What if the NIC or FEA or any other acronym associated with Greek life declared that it wanted to begin a transition out of the housing business? At least the privately owned or independently-operated houses. Now we’re talking! In a sea of “blah” that one would be an “OMG!”

And a reminder – when I first broached this topic, I shared that my undergraduate fraternity experience included 3 years of living in a house. It was a blast. But, for a sustainable future, houses seem unnecessary to me. I’m convinced I would be as committed to fraternity as I am today without the house experience. 
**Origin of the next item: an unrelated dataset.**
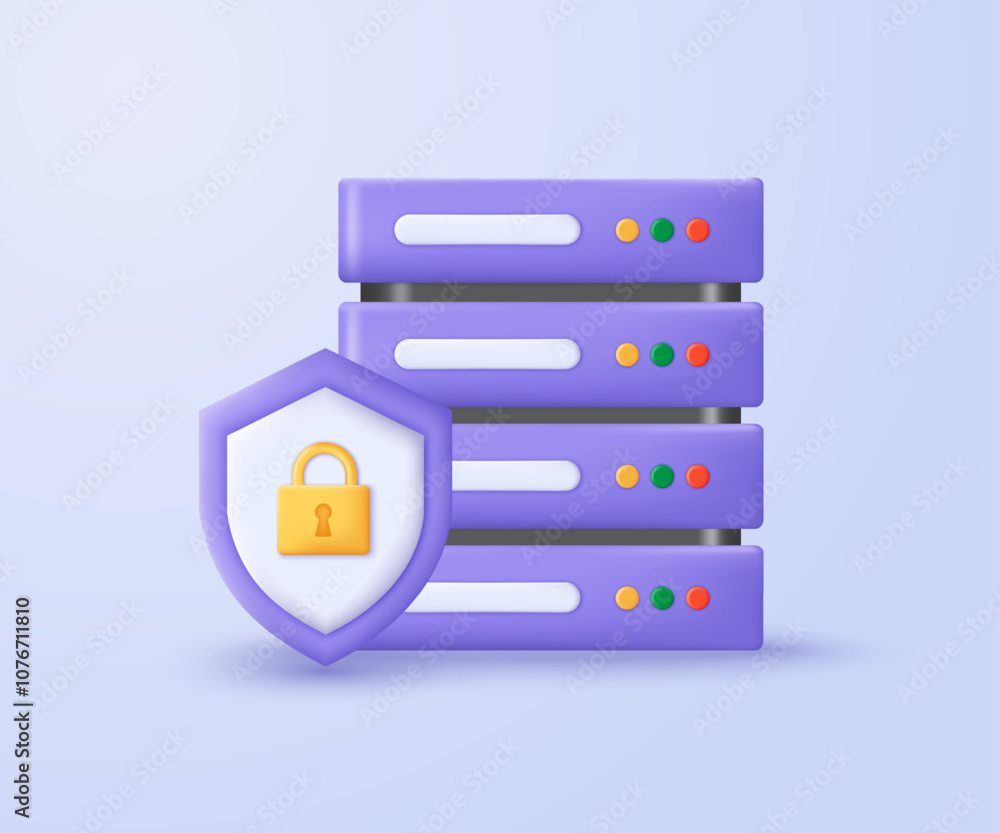 Aufkleber 3D secure server icon. Server with lock on the shield. Minimalist 3D design of Data Center and data protection. 3D concept of Cybersecurity technology, vector illustration.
Imagine if fraternity houses no longer existed on campuses across the land… 
  • The amount of money, time, and energy spent into keeping a structure standing and full could be spent on education, scholarships, funding for national conferences, and more. 
  • No more tragic house fires. 
  • No more falls from fraternity house balconies. 
  • No more part-time underpaid and under-prepared graduate assistant live-in advisors trying to be professional hall directors. 
  • Chapter officers could focus on improving the member experience and forget about occupancy rates, cleaning, furniture, and keeping a kitchen staff happy. 
  • We can finally end our draining 10-year dance in Washington DC trying to get Senators excited about sprinkler systems. 
Of course, there would be some trade-offs. Fraternity houses are great for recruitment because they are visible and (usually) impressive displays that potential members can see. It’s naturally convenient to have events and meetings in a house – although that can be overcome and has been by groups that use a lodge concept or just get meeting space on campus. Friendship is more easily built when living under the same roof, but can also happen otherwise. Ask those fraternities who have no housing right now and they’d put their “brotherhood building” up against yours any day. 

Would this make us just like any other campus club? Only if you believe housing matters more than the Ritual. 

So why would this be a game changer? I don’t have the research (great idea for a thesis or dissertation), but conventional wisdom leads me to believe that the vast majority of negative incidents that result in tragedy, big headlines, and calls to vanquish Greek life altogether involve a housed group. Think about recent transgressions at Old Dominion, the University of South Carolina, and West Virginia. Sexual assaults, hazing, deaths or harmful incidents with alcohol appear to be more prevalent in Greek housing. 

Reality check for me – those things can still happen and do still happen in non-housed groups and on campuses without Greek housing. NPHC groups typically do not have houses and hazing is a big issue they are confronting. The recent news from Baruch College didn’t involve housing. 

But if we solve the issues on the campuses with housed organizations – which tend to be larger or historically more influential in the Greek world – could a ripple effect be realized? We can launch campaigns to change the hearts and minds of members so that they embrace the best of what we can be instead of the worst. We’ve actually been doing that over and over again for decades. But if fraternity houses and the issues they carry inside their walls continue, is that a playing field on which we can’t expect our players to do their best? 

Imagine the previous 20 years without houses. Or the next 20 years. Is that a landscape on which a brighter future for Greek life can be built? 

Campus professionals – imagine that !poof! the chapters on your campus no longer have private houses. Could that make room for you to do more of the inspiring work you want to do? 

Headquarters staff – image that !poof! your chapters now have no residential facilities. How does that impact your insurance fees? What would you love to do with the time and money you get back from not dealing with those issues? 

Despite what could be some exciting possibilities, chances are we won’t be discussing that kind of change anytime soon. Houses are sacred cows for too many. This is unfortunate, because it’s hard to imagine any meaningful change if that topic stays off the table. 

But hey – maybe shorter pledge periods will do the trick.